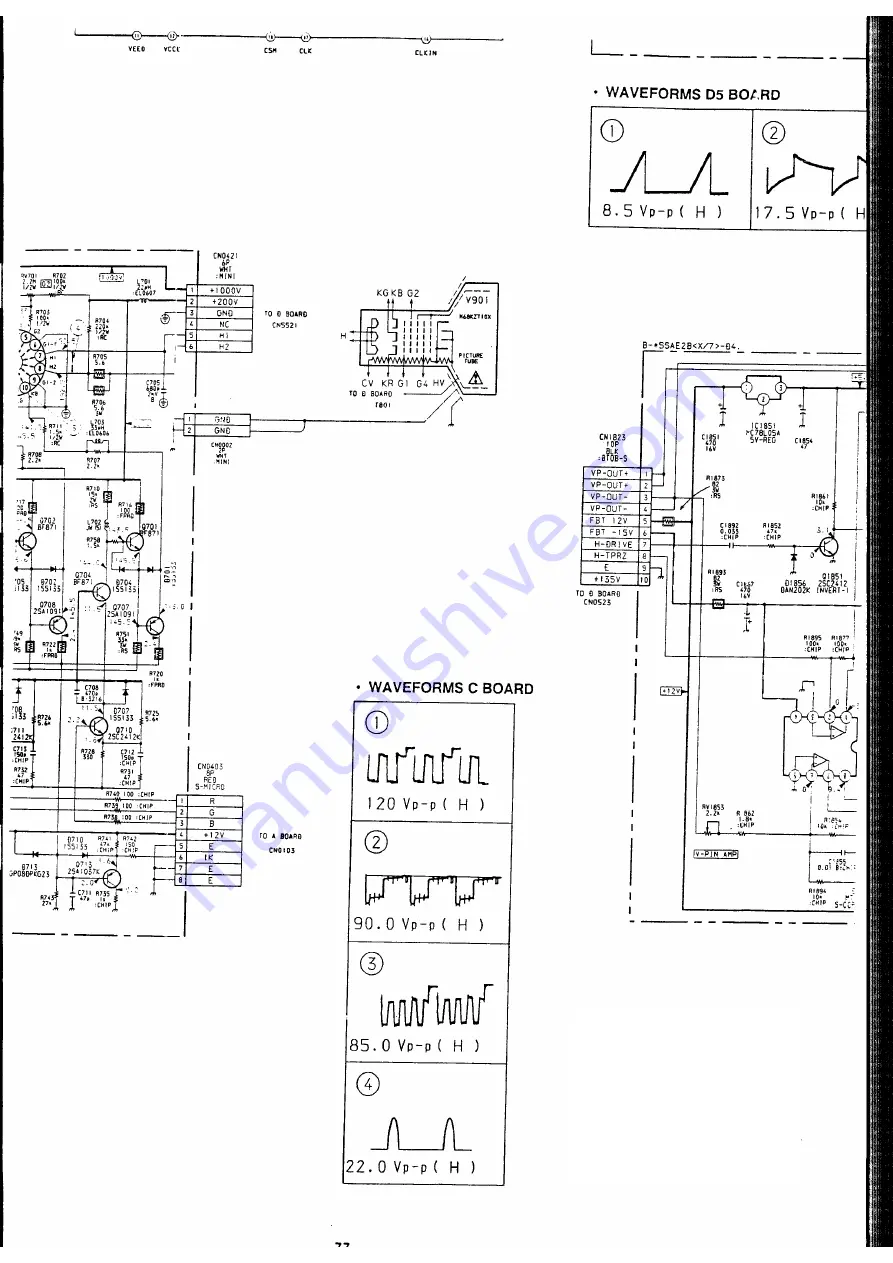 Sony Trinitron KV-X2971A Скачать руководство пользователя страница 113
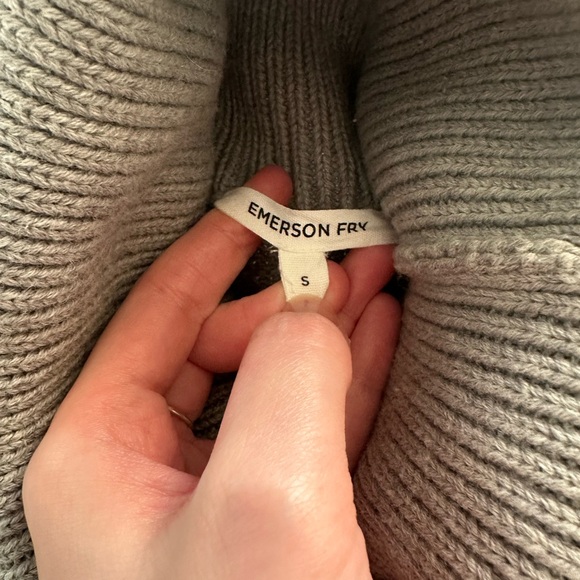 Emerson Fry Carolyn Turtleneck Sweater size small - Picture 6 of 6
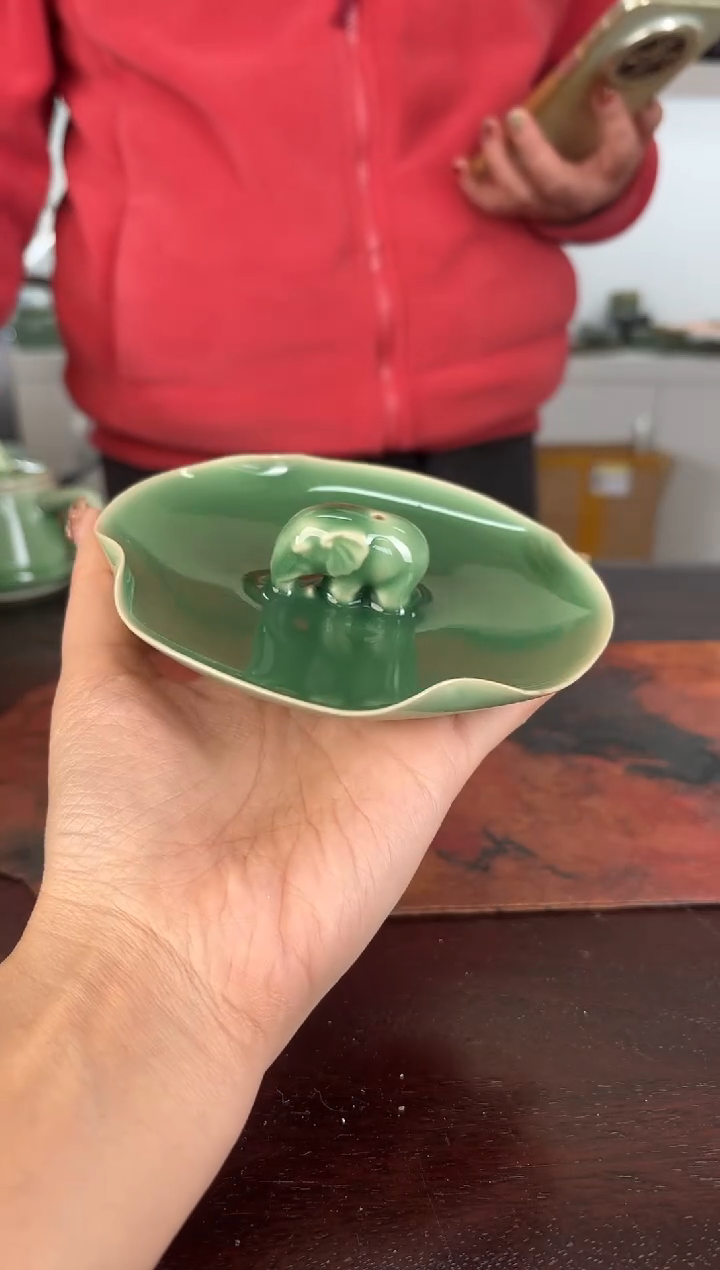 云间青瓷 小米茶器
*-*-*
_TASK TO COMPLETE_: Output the listing above exactly as it stands; no picture should appear.

_RESPONSE_:
 Sony Trinitron KV-X2971A Скачать руководство пользователя страница 113
 Emerson Fry Carolyn Turtleneck Sweater size small - Picture 6 of 6
 云间青瓷 小米茶器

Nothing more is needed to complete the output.